Tulisan dibukukan dalam buku Mommylicious, reviewnya di sini
Saya menatap putri sulung kami, Azka Zahra
dengan beragam perasaan yang bercampur aduk; kesal, gregetan, sedikit marah dan
bingung. Tangisannya cukup membuat tangan saya tertahan untuk mencubitnya atau
menyentil tangannya. Terlebih telah
berjanji pada sendiri untuk tidak pernah mengunakan tangan dalam mendidik si
kecil walaupun pada beberapa kesempatan tak bisa menahan diri untuk menyentil
tangan atau kakinya saat dia marah dengan melempar atau menendang mainannya. Saat itu usianya 3 tahun 7 bulan.
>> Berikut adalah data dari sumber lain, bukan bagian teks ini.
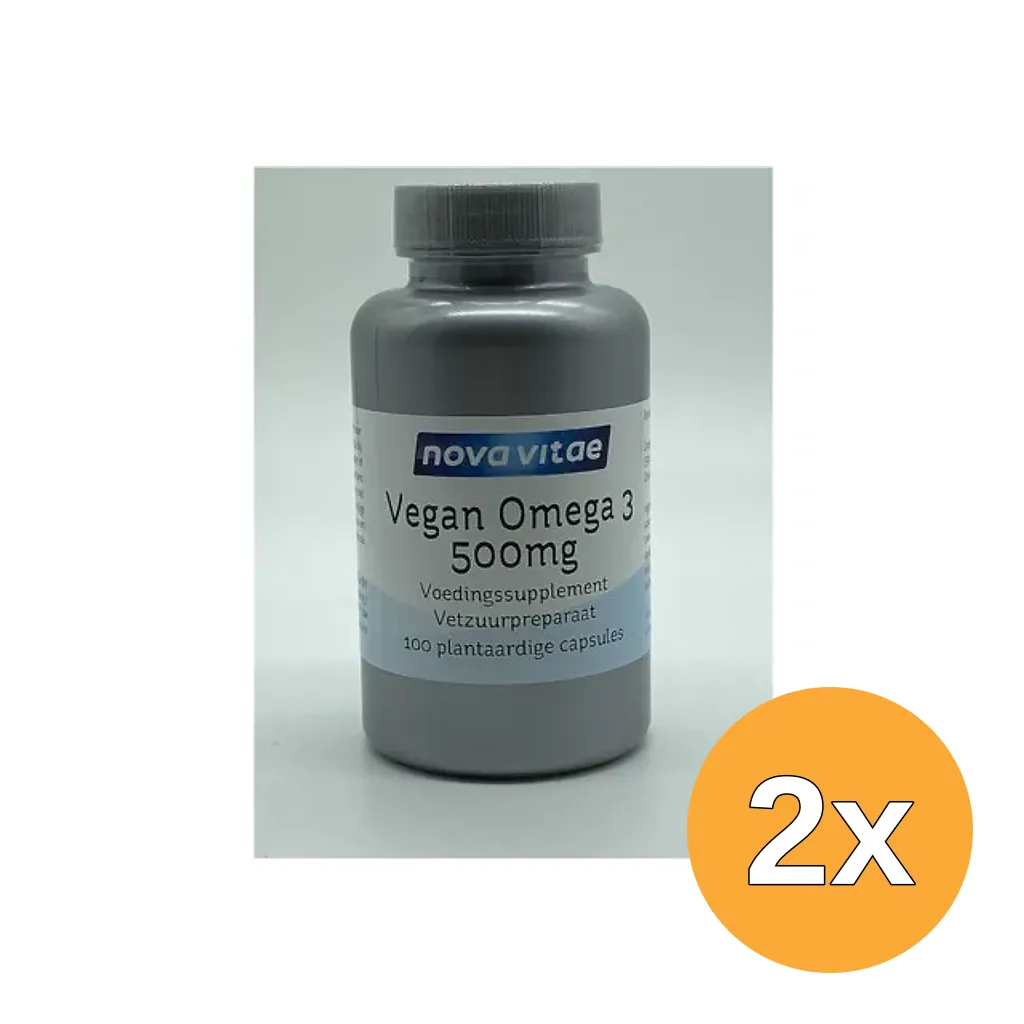 2x Nova Vitae Vegan Omega 3 500 Mg (100 vega capsules)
Saya menarik nafas dan menghembuskannya
berlahan. Mencoba tenang dan tidak terbawa emosi.
“Sini mama buka celananya?” ulang saya.
“Nggak mau!” kata Azka di sela isak
tangisnya.
“Azka, kalau celananya gak dilepas nanti
gatal,” saya mengulang kalimat itu kali ini dengan penuh tekanan sambil
menjangkau celana untuk melepaskannya . Ya, gara-gara menangis Azka pipis di
celana.
Azka mengelak dan duduk. Saya mencoba
melepaskan celananya. Azka menolak dengan bergerak mundur dan
mengayun-ngayunkan tangan. Saya mengancam akan menghukum dengan mengurung di
kamar. Namun Azka tidak bergeming. Saya keluar kamar dan menguncinya. Tangis
Azka malah makin keras sambil menendang-nendang pintu. Saya menyerah dan
membuka pintu, mengulang perkataan tanpa
nada atau ekspresi marah. “Sini mama buka celana,” sambil menjangkau celananya.
”Nggak mau!”
Drama itu berawal dari keinginan Azka
untuk makan disuapi namun tidak saya lakukan karena pada saat yang bersamaan
tengah menyusui adiknya, Khalif (2m).
“Sama Uti aja ya,” kata saya menunjuk
Uti (panggilan Azka untuk neneknya yang merupakan kependekan dari eyang putri ) yang kebetulan tengah
berkunjung ke rumah.
“Sini sayang sama Uti,” kata mama.
“Nggak mau! Aku mau sama mama aja!”
“Tapi dedenya lagi nyusu. Tadi dede lagi
tidur gak mau makan. Mama kan sudah bilang kalau dede bobo Azka disuapin mama,
kalau dedenya lagi nyusu Azka disuapin Uti atau teh Wanti. Jadi gantian.”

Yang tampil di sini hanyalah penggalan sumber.